(Given material):
------------------------------------------------------------

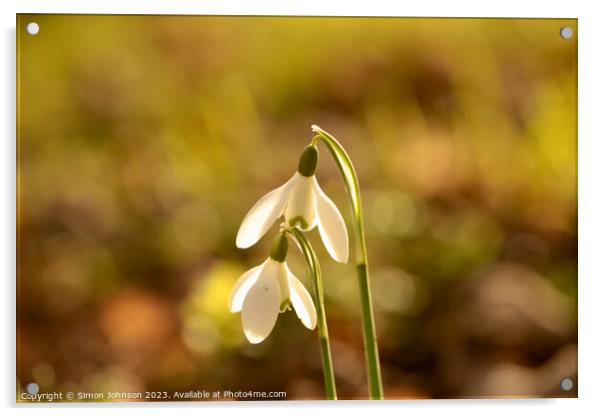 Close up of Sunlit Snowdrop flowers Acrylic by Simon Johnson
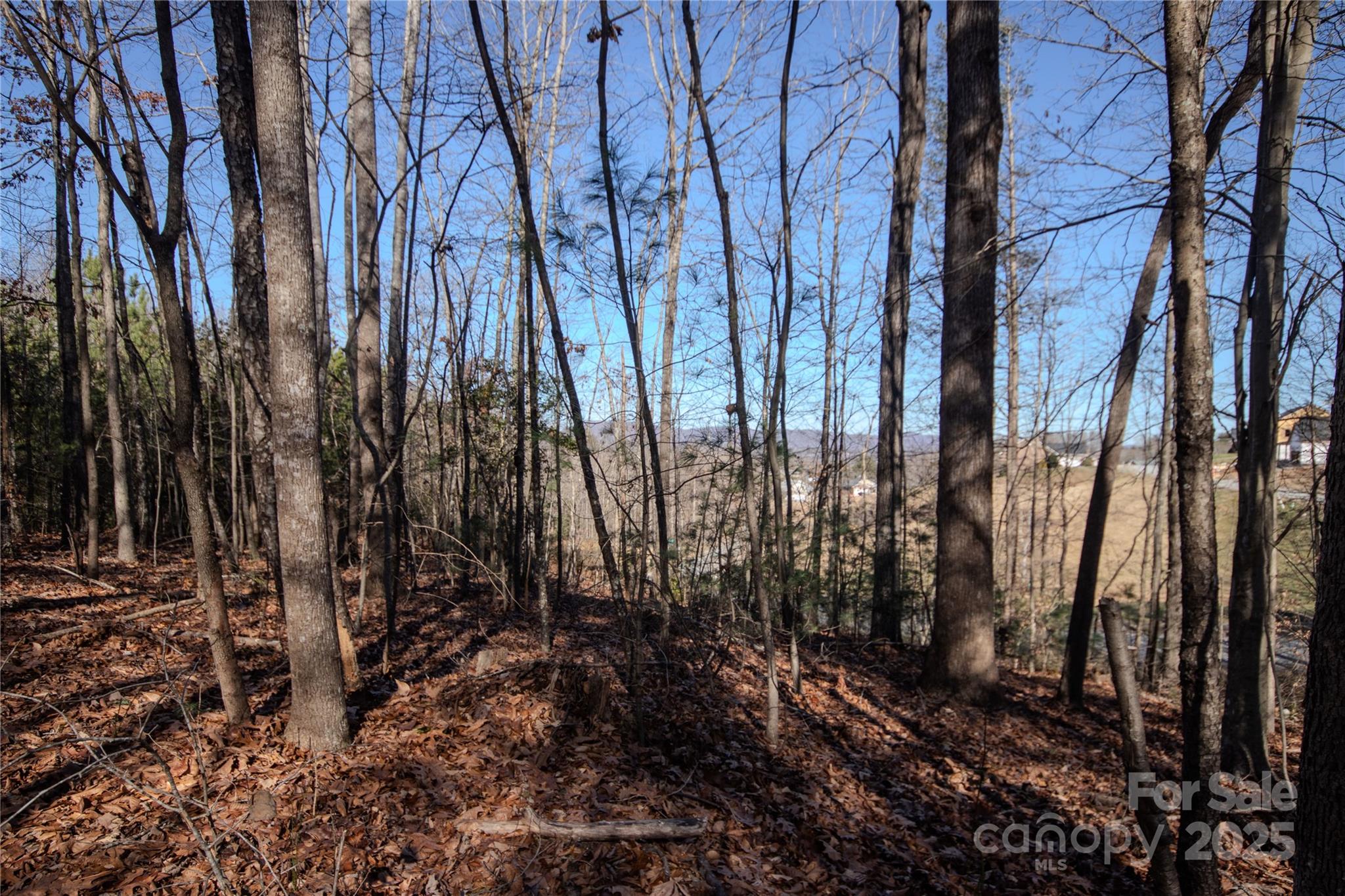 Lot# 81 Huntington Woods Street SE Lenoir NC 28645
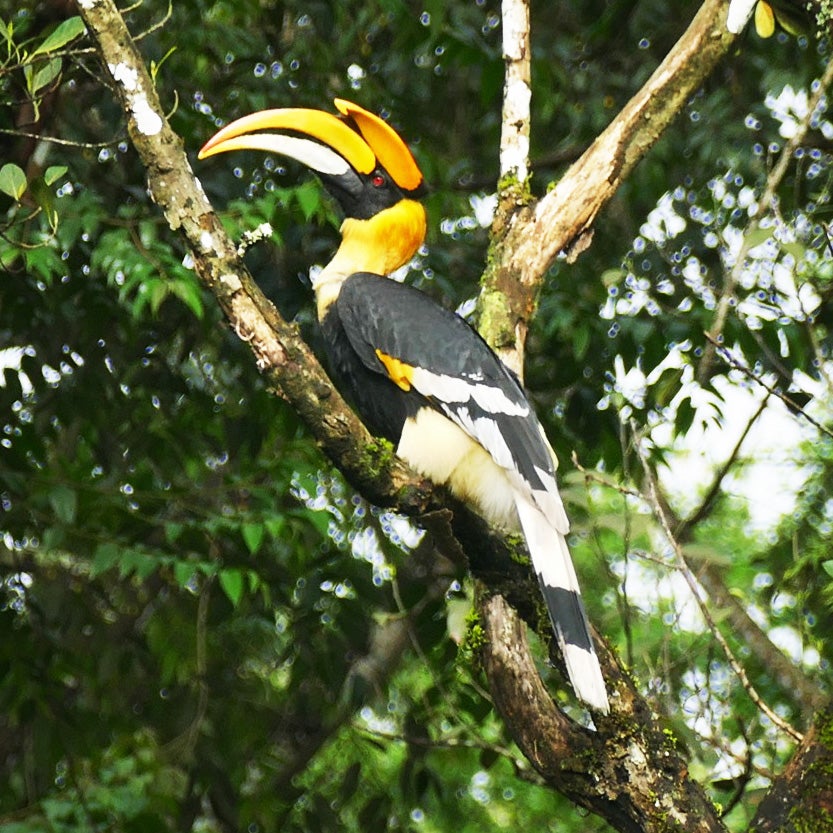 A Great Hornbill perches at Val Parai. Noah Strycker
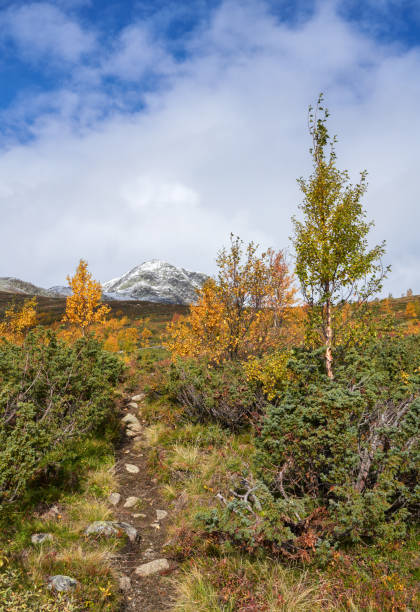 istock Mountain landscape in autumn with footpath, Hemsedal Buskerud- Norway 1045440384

------------------------------------------------------------

(To do): Print the material above word for word, and keep the pictures out of it.

(Solution for this task):
 Close up of Sunlit Snowdrop flowers Acrylic by Simon Johnson
 Lot# 81 Huntington Woods Street SE Lenoir NC 28645
 A Great Hornbill perches at Val Parai. Noah Strycker
 istock Mountain landscape in autumn with footpath, Hemsedal Buskerud- Norway 1045440384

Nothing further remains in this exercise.